In questa visione vengono utilizzati tre simboli per la comunione. Primo, c’è il simbolo della città. Per l’uomo moderno la città rappresenta poco la comunione, ma il concetto antico della città è di una comunione, una comunione stabilita su di una fede comune. Nella città antica, la cittadinanza si fondava sulla religione, sulla comunione in fede. Dalla prospettiva biblica, si può dire che la prima città fu nel giardino d’Eden. Adamo ed Eva furono creati per vivere in comunità, l’essenza della quale era comunione con Dio e comunità sotto Dio. Caino e Nimrod, come pure i costruttori della Torre di Babele, si sforzarono per stabilire un altro concetto della città: comunione nell’uomo, senza Dio. Il concetto umanistico della città, la Città dell’Uomo, ha prodotto costantemente un aumento d’anarchia e di atomizzazione. La sua conquista più importante è stata l’ostilità verso la Città di Dio, e la distruzione del popolo di Dio. Ma il destino della Città dell’Uomo è la festa degli avvoltoi.

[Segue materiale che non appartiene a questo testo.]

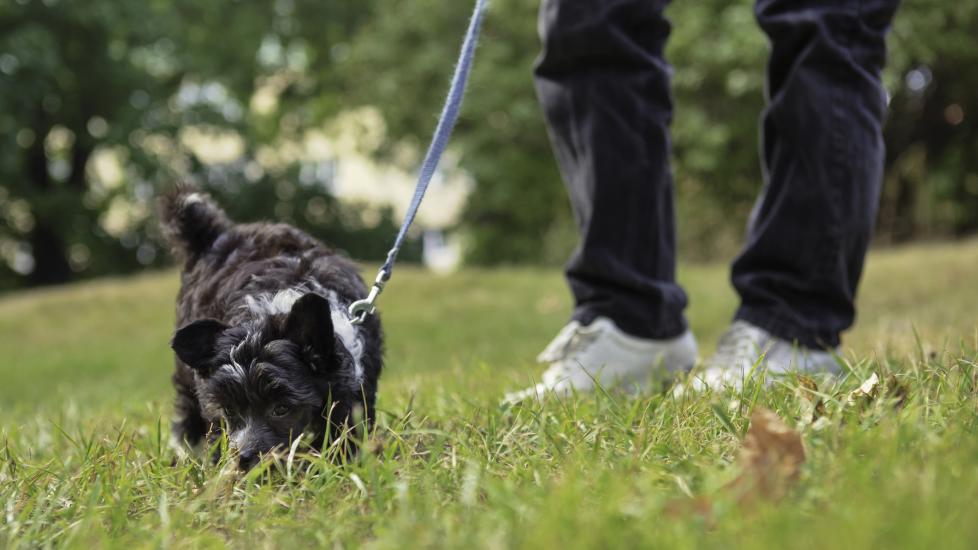 dog sniffing benefits; dog takes a scent walk during an afternoon stroll.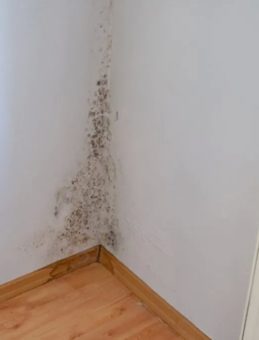 Evde Nem Oranı Fazlaysa Ne Yapmak Gerekir? Odadaki Fazla Nem Nasıl Düşürülür?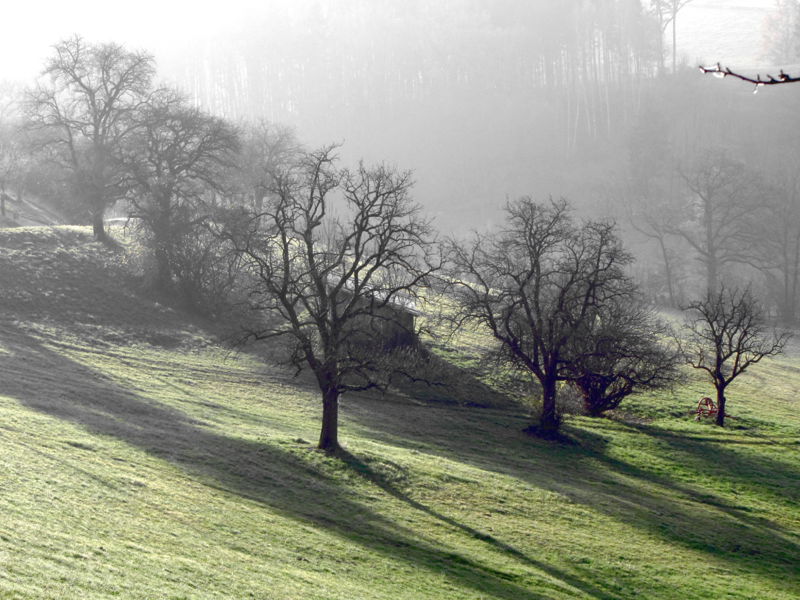 Datei:HR Streubobst Herbst.jpg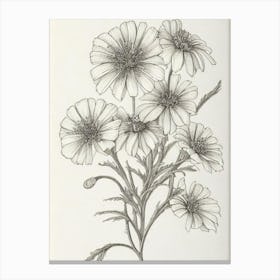 Marigold Vintage Botanical Flower Canvas Print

Il secondo simbolo è il matrimonio. La cena delle nozze di Cristo e la Chiesa tipizza pienezza di comunione e comunità. Il fondamento di questa comunità è il sacrificio propiziatorio e la perfetta obbedienza alla legge di Cristo quale capo federale dell’uomo. Il matrimonio rappresenta, come un simbolo, la consumazione (scopo finale) dell’amore e l’inizio della vita in comunità.

Il terzo simbolo è la “cena”, mangiare o banchettare. Combinare un matrimonio con una cena eleva il senso di gioia in comunità. Mangiare insieme è un simbolo antico, com’è stato notato, di fratellanza e di comunione e, nel contesto della vera Città, la Gerusalemme dal cielo, nell’occasione del grande matrimonio rappresenta comunione, pace, e comunità al loro massimo grado.